> _What is being asked_
Pictures do not belong in the copy; quote every entry below exactly.

[Saved entries]
◆ ◆ ◆ ◆
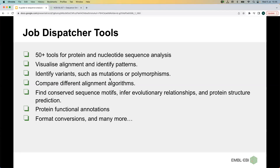We also have several protein functional tools for finding functional annotations, where you search against a range of protein signature databases to identify protein families, domains, and functional sites. Job Dispatcher tools like Clustal Omega, BLAST, etc. are used by other teams within the EBI like UniProt, Ensembl Genomes, etc. So we have users within the EBI itself, and the Job Dispatcher tools can be used in a variety of fundamental research areas.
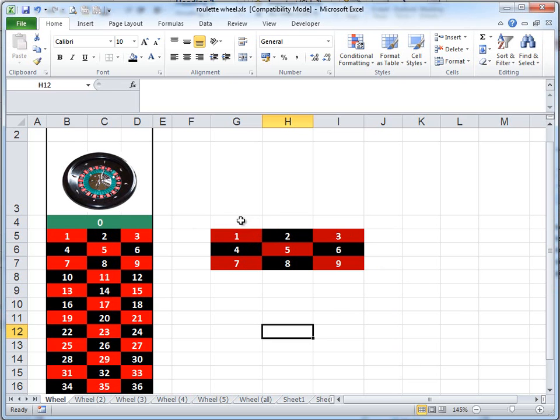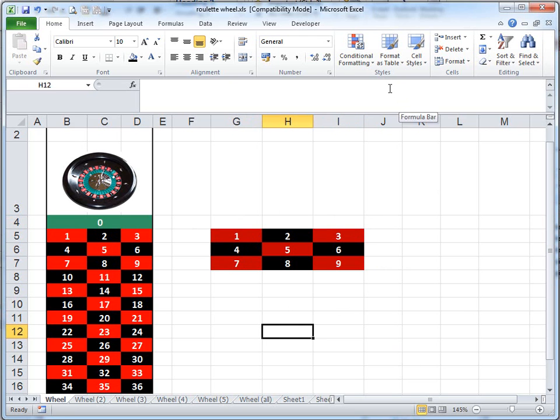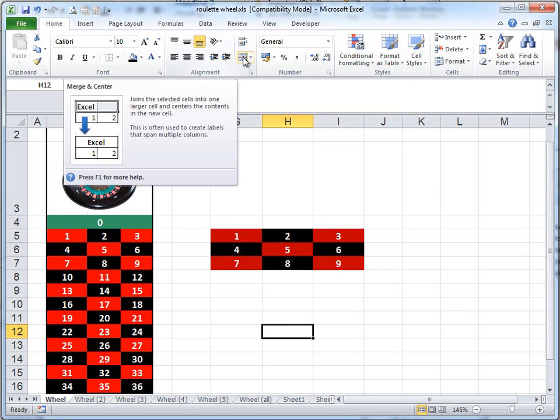First of all, you'll need to select the cells. Secondly, you'll need to experiment with this button here, which is Merge and Centre.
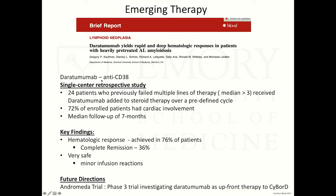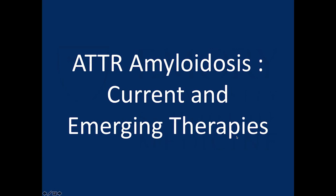An emerging therapy for AL amyloid is the anti-CD38 antibody daratumumab. CD38 is expressed on plasma cells. A retrospective study from Stanford of 24 patients who had failed multiple lines of treatment for AL amyloid showed that 72% had cardiac involvement. Of patients receiving daratumumab and steroid, 76% achieved a hematological response, and 36% achieved complete remission. This has subsequently led to a phase three trial called the Andromeda trial, investigating the use of daratumumab upfront added to CyBorD. Results are not yet available.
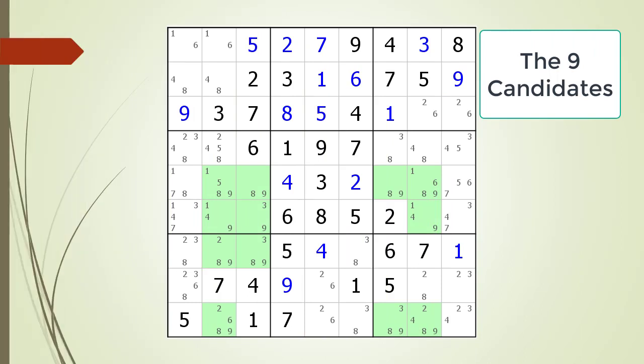Next, consider the following Sudoku in progress. Pause the video and identify any locked candidates with the cells highlighted before continuing. Here is the solution.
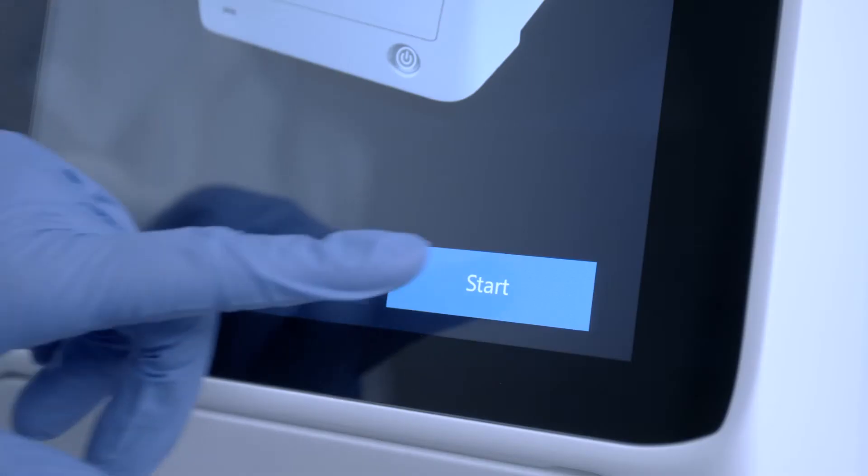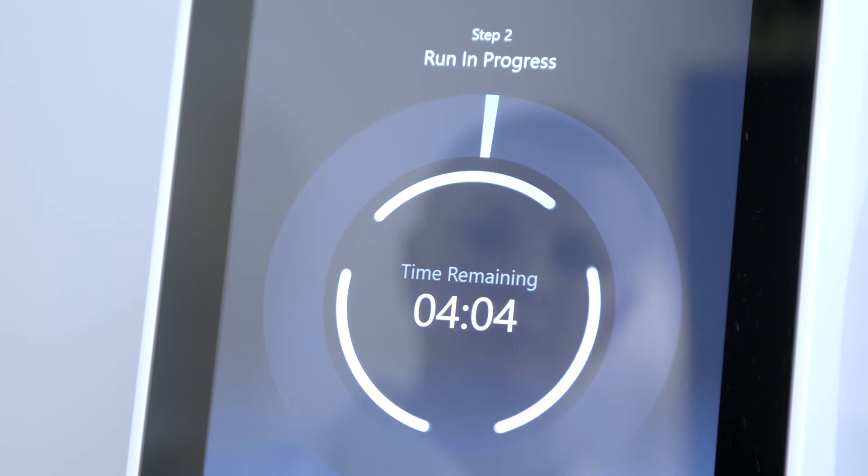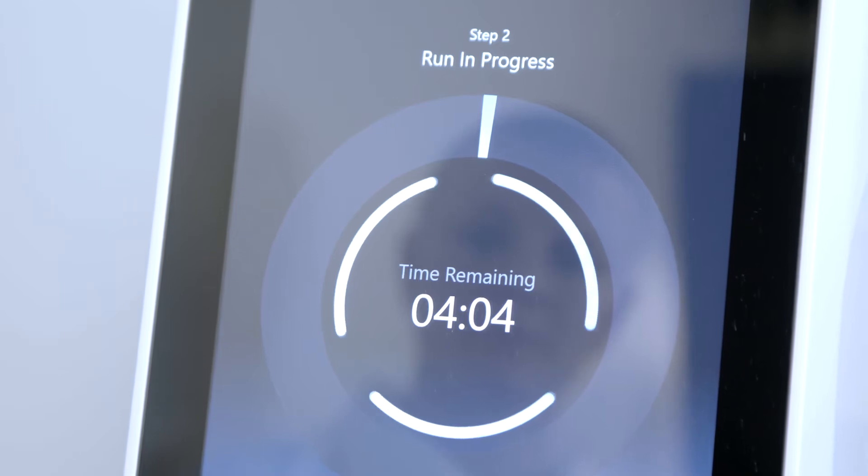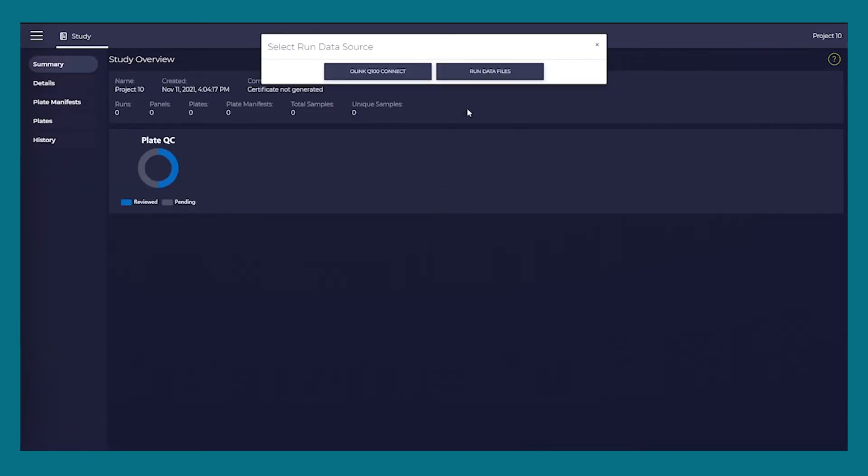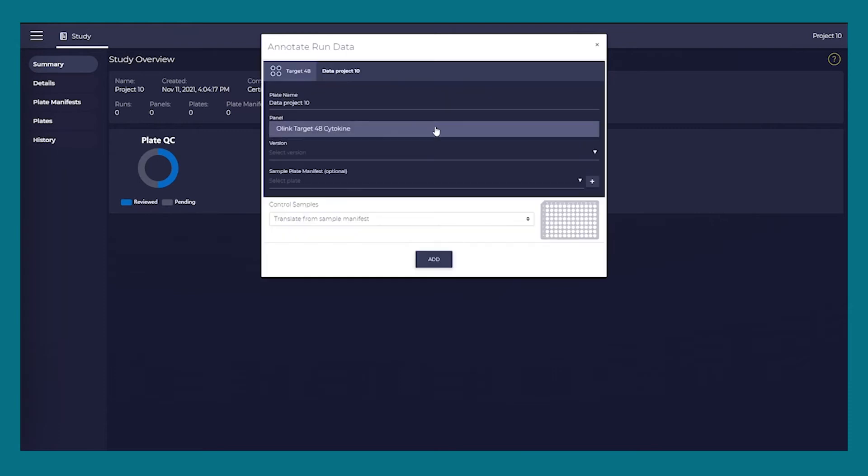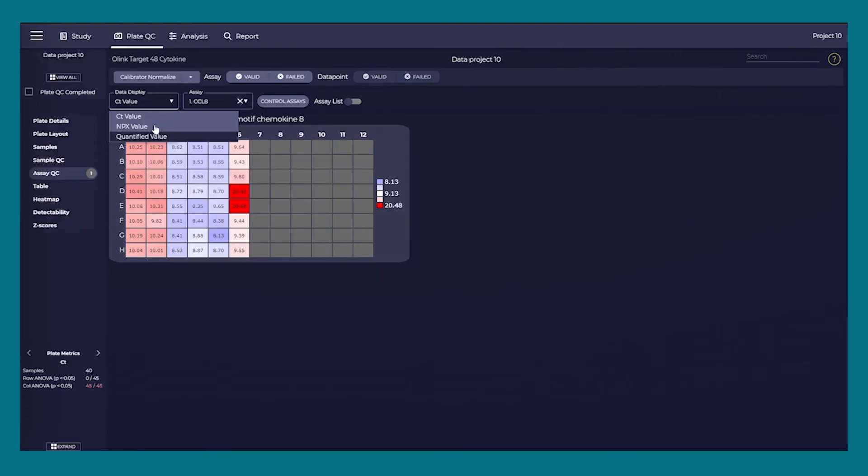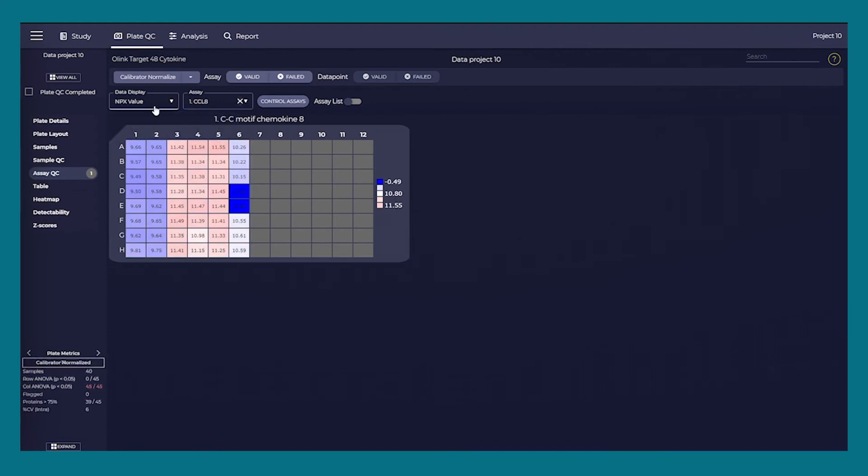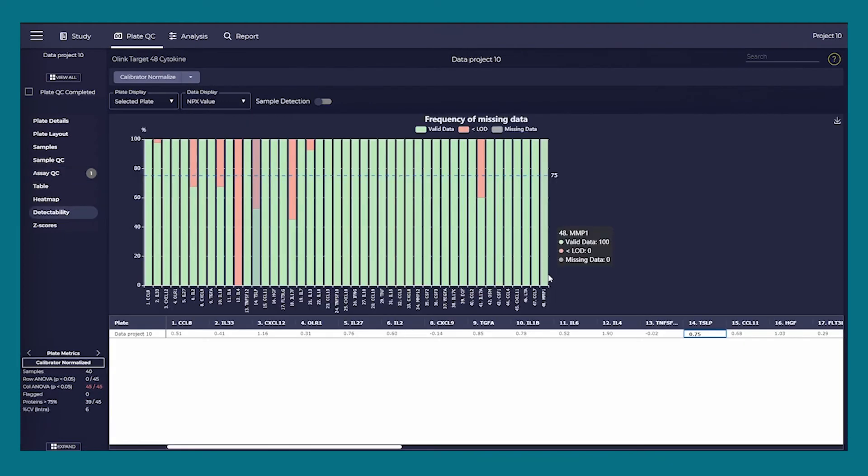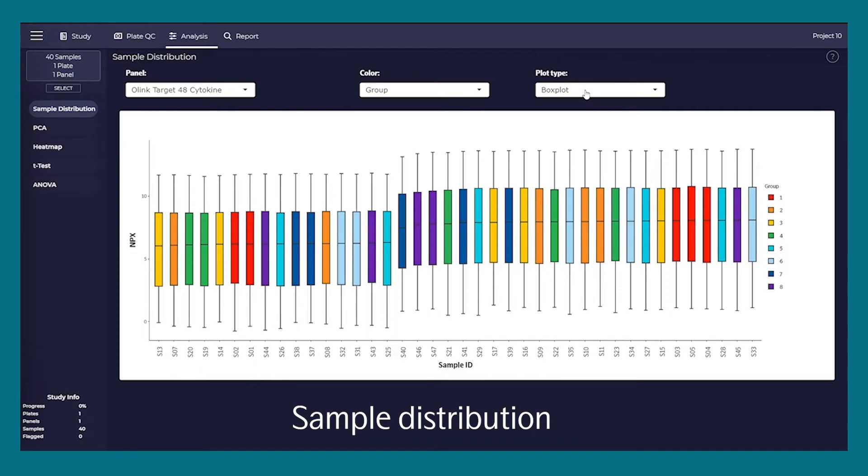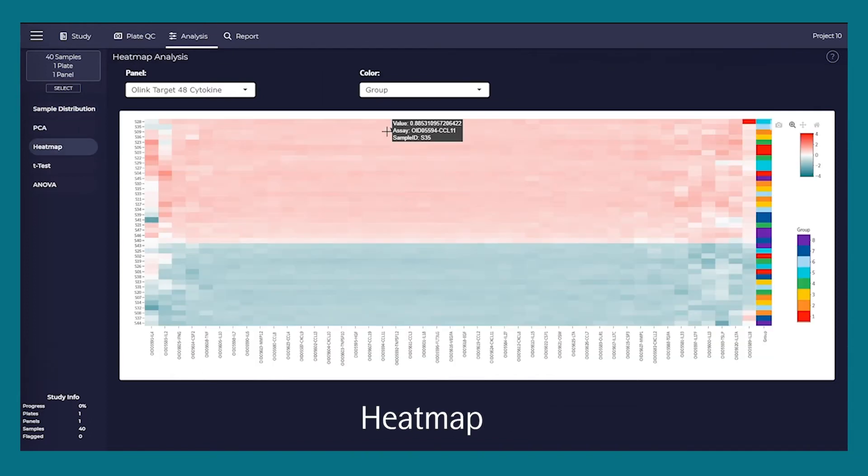At the end of the run, easily export and analyze your data using NPX Signature, an intuitive software specifically designed for the handling of Signature instrument data. Convert qPCR data into protein values, conduct data QC, and perform simple statistical analyses using just one software program.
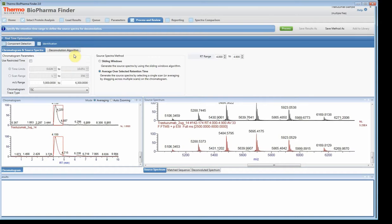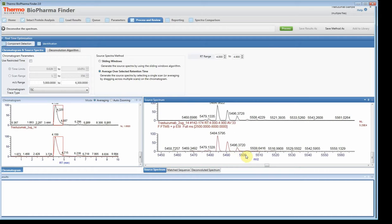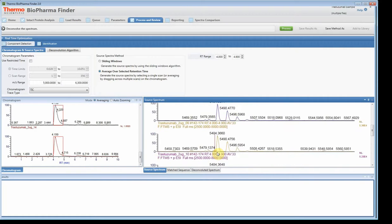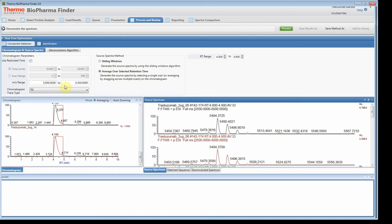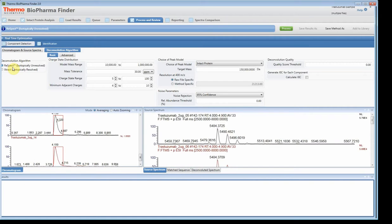Now that we have our source spectrum, and all the files look good, that's something you want to check — make sure all of them have a good source spectrum. If they don't, check the m/z range and time parameters for your raw files. Now let's go to the deconvolution. We're doing RESPECT. The first place I start is the model mass range — this should be around the molecule of interest. The protein is around 148,000, so I'll set the target mass to 150,000. I'm not expecting any dimers, so I'll set the upper limit to 160,000 and the lower limit to 140,000.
◆ ◆ ◆ ◆
> _Expected answer_
We also have several protein functional tools for finding functional annotations, where you search against a range of protein signature databases to identify protein families, domains, and functional sites. Job Dispatcher tools like Clustal Omega, BLAST, etc. are used by other teams within the EBI like UniProt, Ensembl Genomes, etc. So we have users within the EBI itself, and the Job Dispatcher tools can be used in a variety of fundamental research areas.
First of all, you'll need to select the cells. Secondly, you'll need to experiment with this button here, which is Merge and Centre.
An emerging therapy for AL amyloid is the anti-CD38 antibody daratumumab. CD38 is expressed on plasma cells. A retrospective study from Stanford of 24 patients who had failed multiple lines of treatment for AL amyloid showed that 72% had cardiac involvement. Of patients receiving daratumumab and steroid, 76% achieved a hematological response, and 36% achieved complete remission. This has subsequently led to a phase three trial called the Andromeda trial, investigating the use of daratumumab upfront added to CyBorD. Results are not yet available.
Next, consider the following Sudoku in progress. Pause the video and identify any locked candidates with the cells highlighted before continuing. Here is the solution.
At the end of the run, easily export and analyze your data using NPX Signature, an intuitive software specifically designed for the handling of Signature instrument data. Convert qPCR data into protein values, conduct data QC, and perform simple statistical analyses using just one software program.
Now that we have our source spectrum, and all the files look good, that's something you want to check — make sure all of them have a good source spectrum. If they don't, check the m/z range and time parameters for your raw files. Now let's go to the deconvolution. We're doing RESPECT. The first place I start is the model mass range — this should be around the molecule of interest. The protein is around 148,000, so I'll set the target mass to 150,000. I'm not expecting any dimers, so I'll set the upper limit to 160,000 and the lower limit to 140,000.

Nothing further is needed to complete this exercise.